Ann. Geophys., 28, 1923–1934, 2010
© Author(s) 2010. This work is distributed under
the Creative Commons Attribution 3.0 License.

ANGEO Communicates 25 Oct 2010

ANGEO Communicates | 25 Oct 2010

Recent changes in measured wind in the NE Atlantic and variability of correlation with NAO

P. A. Pirazzoli1, A. Tomasin2, and A. Ullmann3 P. A. Pirazzoli et al.
  • 1CNRS – Laboratoire de Géographie Physique, 1 Place Aristide Briand, 92195 Meudon cedex, France
  • 2ISMAR-CNR, Venezia and Dipartimento di Matematica Applicata, Università "Ca' Foscari", Venezia, Italy
  • 3Centre de Recherches de Climatologie, Université de Bourgogne, BP 138, 21004 Dijon cedex, France

Abstract. The paper deals with wind measurements, recorded since the 1950s, at twelve meteorological stations along a transect near the westernmost European border, between 64° and 44° N. Extreme wind speed tends to decrease sharply near the northern boundary (at Reykjavick), near the middle of the study area (at Shannon and Valentia) and near the southern boundary (at Brest and Cap Ferret), to increase at Thorshavn, with less significant trends at the other stations. Average wind speeds confirm the above tendencies, with an additional increasing speed at Lerwick, Kirkwall, Malin Head, Belle-Ile and Cap Ferret.

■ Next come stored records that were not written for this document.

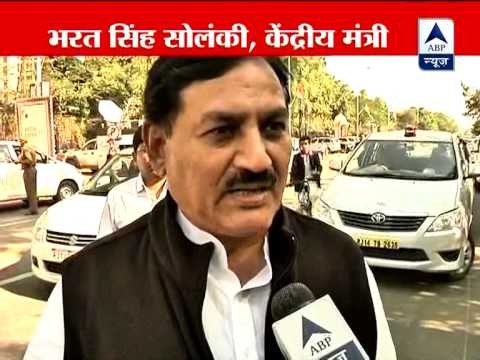 Decision on Rahul getting larger responsibility today evening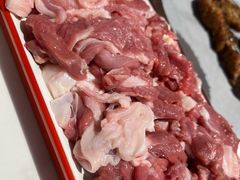 热气羊肉-欧提汗·新疆餐厅·清真(银都路店)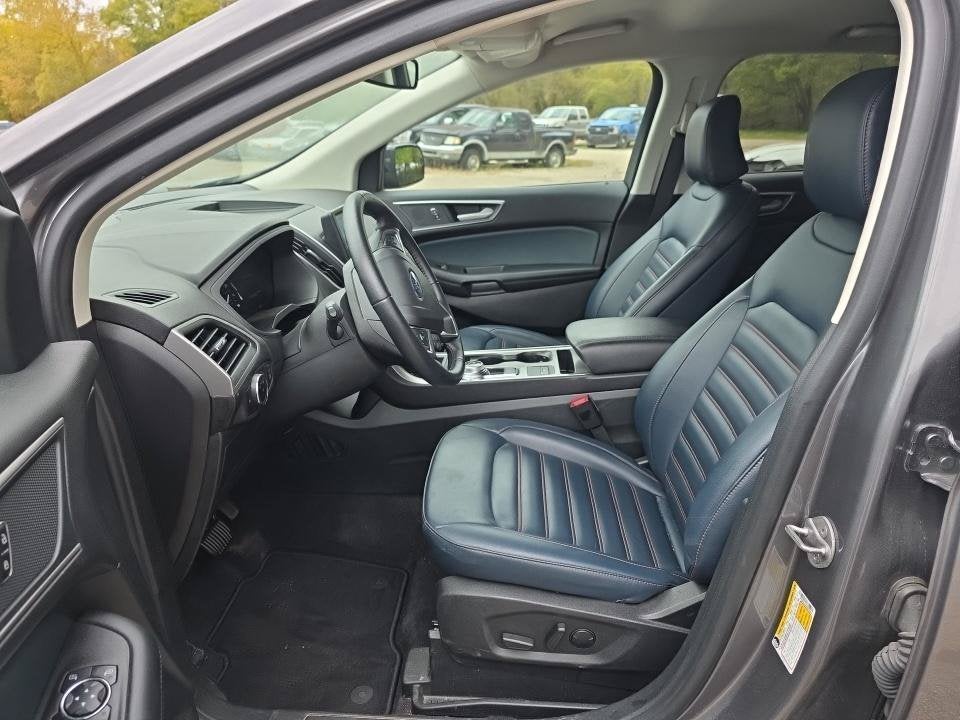 2024 Ford Edge SEL w/Sport App Pkg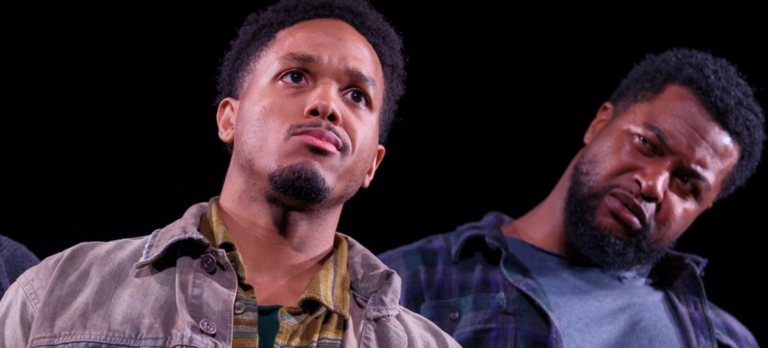Edinburgh International Festival 2026: Hang Time – The Lyceum, Edinburgh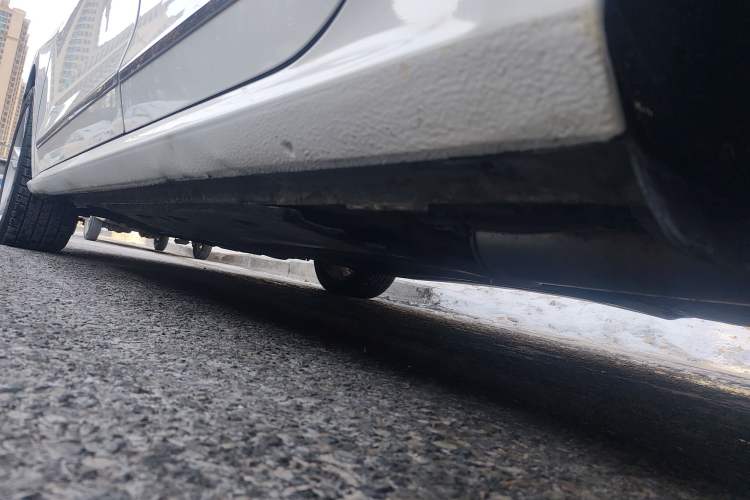 Used Volkswagen Passat 2013 1.8TSI DSG Prestige Edition Chassis Rear Left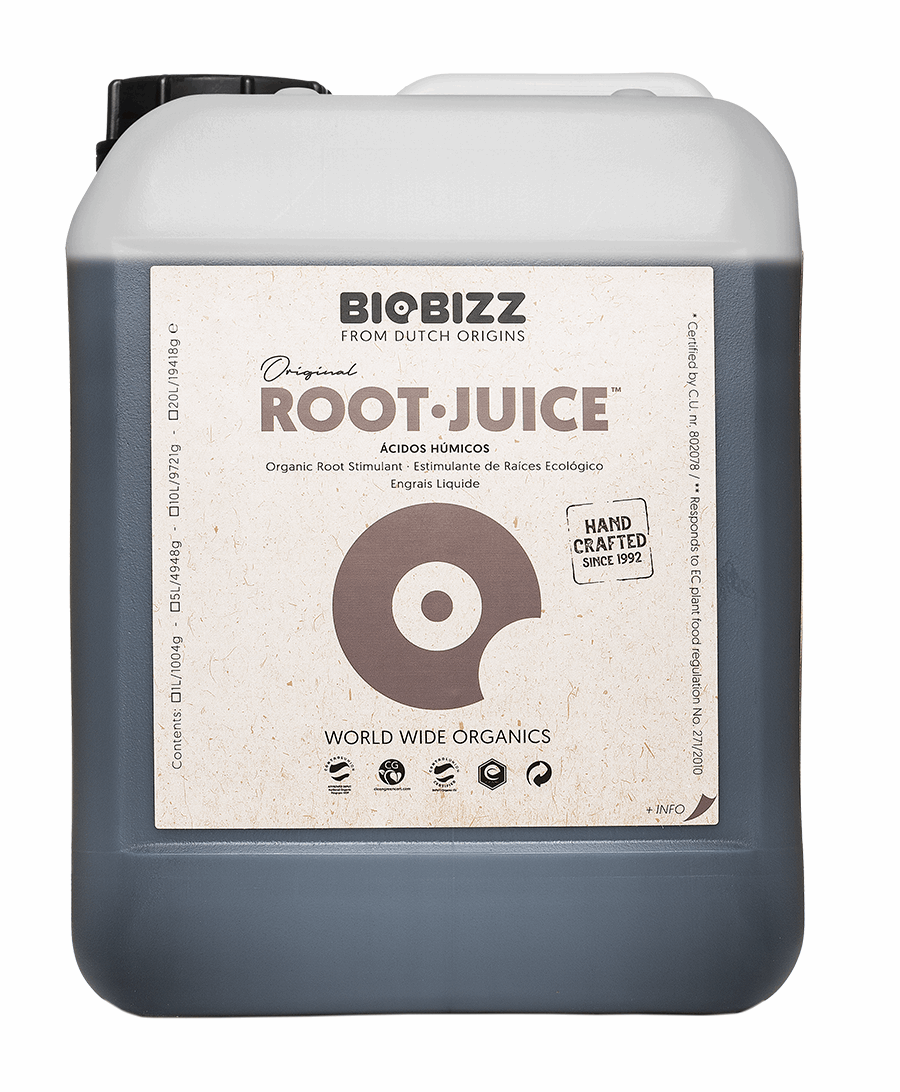  - Biobizz ROOT JUICE, Wurzelstimulator, 5 L -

To compare changes in wind activity, the data have been subdivided into three periods: until 1975, 1976–1992 and 1993–2008. Frequencies have been computed also for the "winter" (October to March) period, per quadrants, and for occurrences exceeding the speed of 15 m s−1.

At Reykjavick a recent increase in the frequency of strong winds has occurred from various directions. Between 62° N (Thorshavn) and 59° N (Kirkwall) strong wind has been increasing since 1975. Minor changes can be observed at Stornoway, whereas at Malin Head the greatest increase for southerlies and westerlies is observed during the 1976–1992 period. At Belmullet, the frequency of strong southerlies has almost doubled since 1992, while at Shannon and Valentia it remains quite low. Finally at Brest and Belle-Ile, westerlies are predominant among winds >15 m s−1.

Important changes in time and latitude appear in the correlation with the NAO (North Atlantic Oscillation) index. The highest correlation coefficients, calculated with monthly or seasonal means between the early 1950s and 1975, are observed from between 58° N (Stornoway) and Iceland, whereas low positive coefficients are reported more south. During the period 1976–1992, when increasing NAO index is predominant, positive correlation improves southwards as far as 54° (Belmullet) with some improvement also at Shannon and Valentia, while it remains low or even negative near the French Atlantic coast. Finally in the 1993–2008 period, correlation improves for all the stations south of 54° N (Belmullet), while it weakens more north.